I said that I understand the ideal, but my impression is that there's an awful lot of experts that do a PK fit first, at least to get initial guesses for a comprehensive fit. Think of it as a manually operated homotopy method! The homotopy variable is zero for fully sequential fitting which is more likely to converge and will converge more rapidly. The variable is one for a comprehensive fit of all parameters and all trials at once. Per the homotopy paradigm, you start with an easy problem that isnt exact, and approach the hard problem that is exact using incremental increases in difficulty and accuracy.
So it would be very cool if the dashboard had another checkbox for each fitting technique that would be "Use Covariates for this Variable?". This would allow you to use the PK values for covariate scaling parameters from previous fits to estimate subject parameters.

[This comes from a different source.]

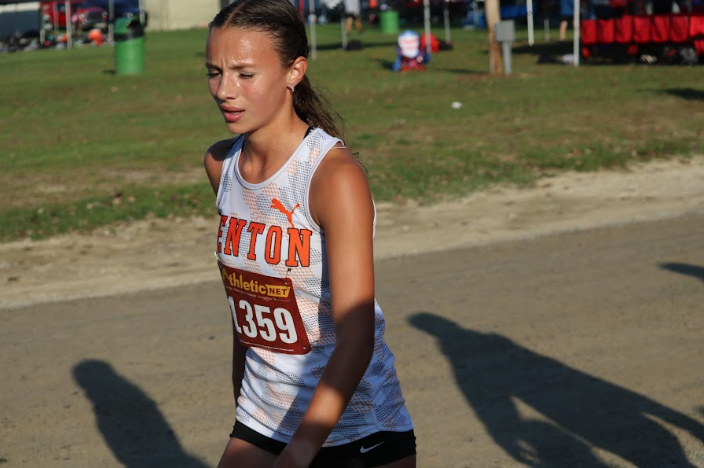 Recovering from her race, sophomore Lucy Bott ran in the Cummin Center Invitational cross country race. On Oct. 4, Fenton girls varsity cross country team placed 16-23.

Now, with the technique I asked about and tyat you responded to, one can put in the value determined of exp(theta*covariate + eta) into the parvalue matrix, and not just have the fitting programe use exp(theta*covariate), if you see what I mean. So the lookup table is more accurate than just using a theta scaling parameter.
I think I've discussed the subject of script commands that manipulate the sbproj datasets with Arthur and maybe Ricardo, and my understanding is that there are no publicly released script handles for sbproj datasets. That is, I can't open an sbproj and use a dataset for with sbiofit that was created inside the sbproj using the dashboard. And I can't add a dataset to an sbproj by manipulating the model object in the sbioroot object, correct?

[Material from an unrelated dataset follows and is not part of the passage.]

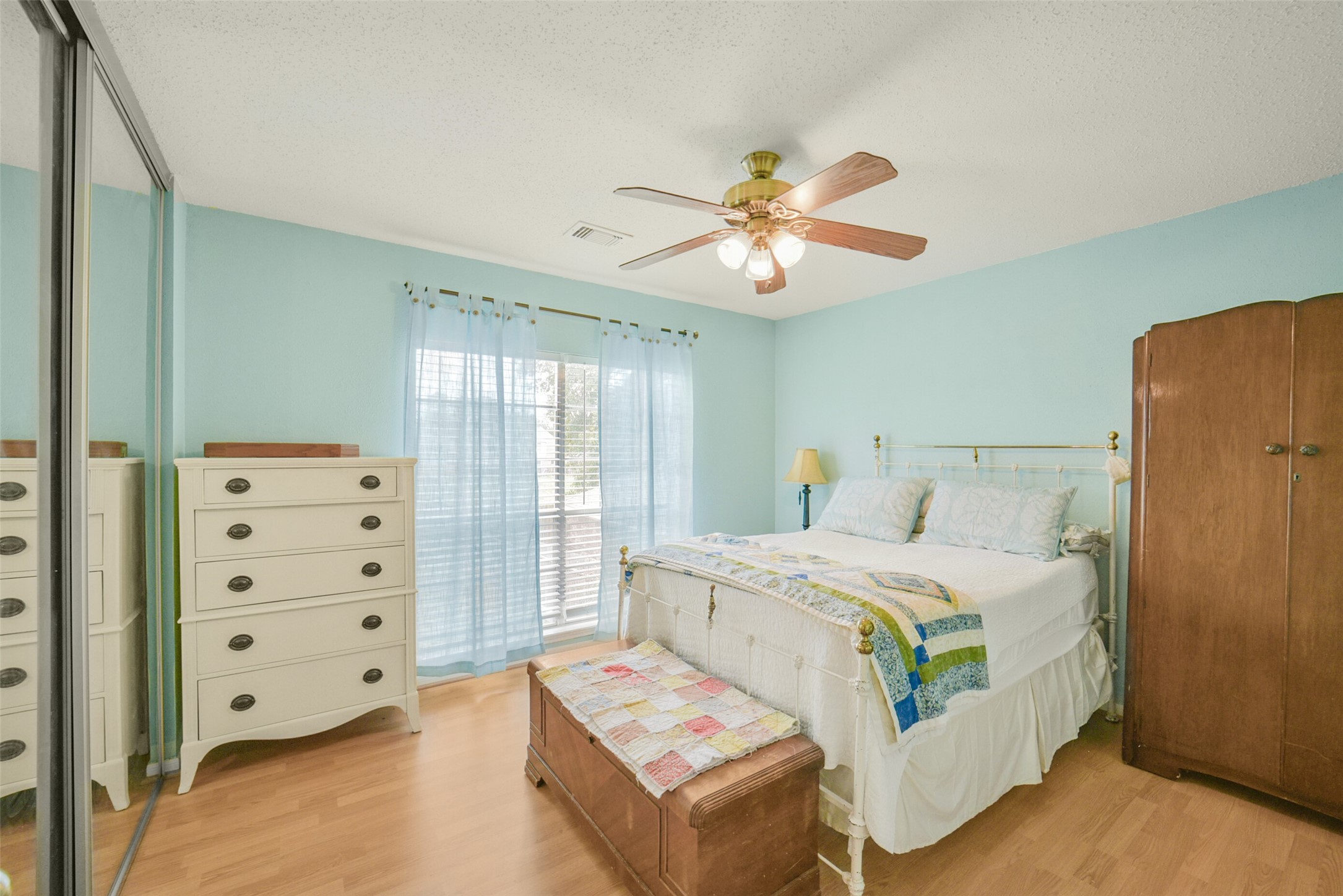 10410 Dude Road Houston, TX 77064 - Photo 29 of 45 This bedroom features soft blue walls, a ceiling fan, large mirrored closet doors, and ample natural light from a window with sheer curtains. It includes a cozy bed, a wooden wardrobe, a chest of drawers, and a colorful quilt, creating a warm and inviting atmosphere.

Put another way, the only way to use a dataset in the dashboard is to manually add it, and the only way to use a dataset with sbiofit in a script is to create a group data object in the matlab workspace outside of the dashboard, and use it as an argument to sbiofit.
The reason I ask is that if the above is correct, I may add a data structure to the model as userdata. This structure would contain all of the datasets I used. This would allow me to store my datasets with the sbproj file. So then the paradigm is
  1. use the subject (group variable) column (or a copy) as the dose variable to set a species value to the subject
  2. use a repeat assignment rule (Sietse had a comment on answers stating that the repeat assigment was important - initial assignment didnt' work for some reason) to set the parameter value.

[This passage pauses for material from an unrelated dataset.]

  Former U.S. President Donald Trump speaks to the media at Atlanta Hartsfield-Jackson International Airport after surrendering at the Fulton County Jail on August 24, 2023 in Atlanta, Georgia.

  3. The repeat assignment rule types the parvalue matrix as persistent, and then checks for whether parvalue has any content, and if not it reads the parvalue matrix from the structure in userdata. After that and in subsequent runs, the routine then enters the parvalue matrix using the subject value as index, and sets the parameter value using the parvalue output. On subsequent runs, no need to re-read the matrix.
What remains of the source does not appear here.